Sunday, May 13, 2012

Mother's Day 2012



 Mother's Day 2012


Mother's Day 2011


Wishing all you dear moms, grandmothers, dear women who are mothers to children even though you don't have children or have lost children, or who hope to have children one day...HAPPY MOTHER'S DAY!  I was talking to a friend at church today who had lost her mom 3 years ago.  She said that Mother's Day used to be really sad until she started calling all the mom-like figures in her life to wish them Happy Mother's Day.  I thought that was awesome.

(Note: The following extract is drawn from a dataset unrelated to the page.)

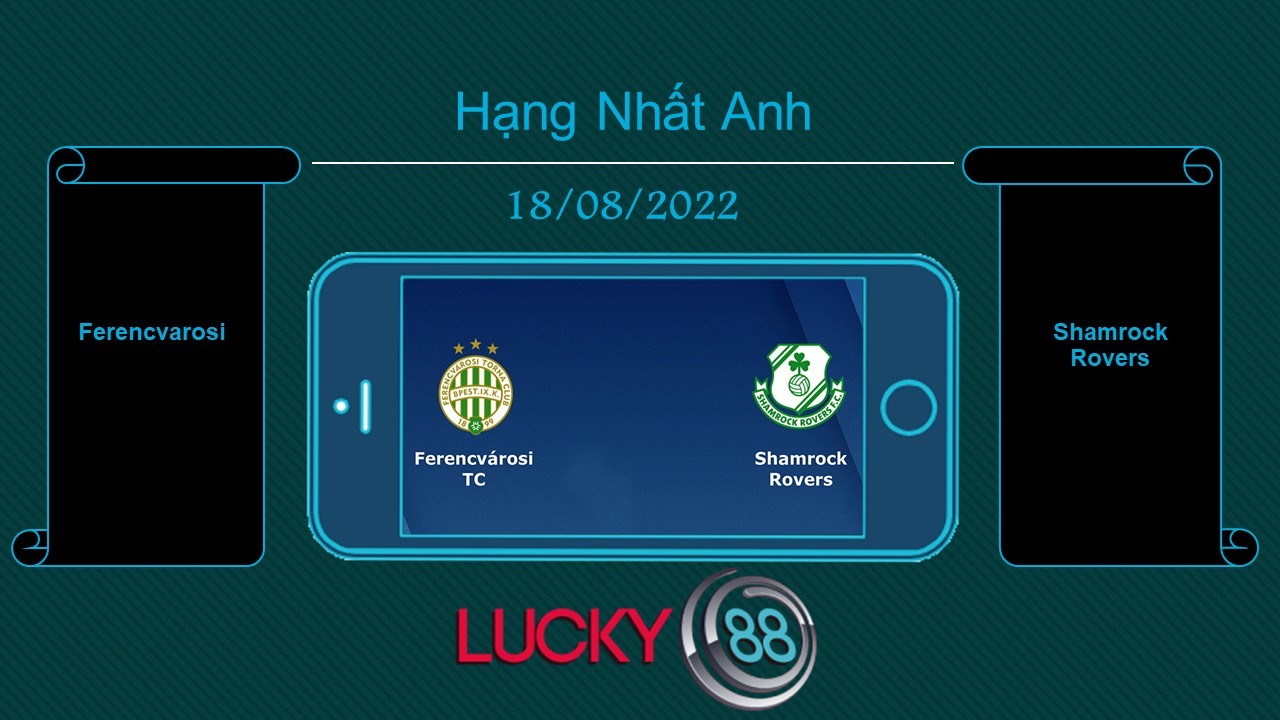 LUCKY88 Ferencvarosi vs Shamrock Rovers , Tip bóng đá miễn phí ngày 18/08/2022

Being a mom is the best.  I am thankful for it, and do not take it for granted.  Sometimes I complain, but today I was thinking of how much I love Jake more today than I have ever and how that love just grows brighter everyday.  Just when I don't know how I will love him more, I feel like I do.  I can't wait for the next day to spend with him.  Then, I thought, Oh NO! What happens on the day that he turns into a teenager and starts rebelling!!! Will I love him more and more during that time in his life?!  The answer is yes.  I will always love him more because even if there are rough days ahead or joyful ones for that matter, I will love him in all things.  I have experienced a small taste of life, just enough, to know that even through rough times, good prevails and so does love.  True love lasts, and as a mother, I will always and forever, love my Jake.  I'm am also thankful for my mom for helping us this year.  She came to LA on angel's wings many times to be here with us for Jake's doctors appointments, to start a food trial and make sure he is eating, to wake up with him bright and early so we could get some extra winks in.  She never, NOT ONCE complained.  EVER.  She smiled, and gracefully spent her time caring for our little man.  Her whole world was him and making him happy.  She teaches me what true love is and that everything we do should be for our children.  My heart can't even fill a page with enough gratitude for her.  It swells with thanksgiving for her.  I've needed her more this year than ever.  What a precious gift motherhood is.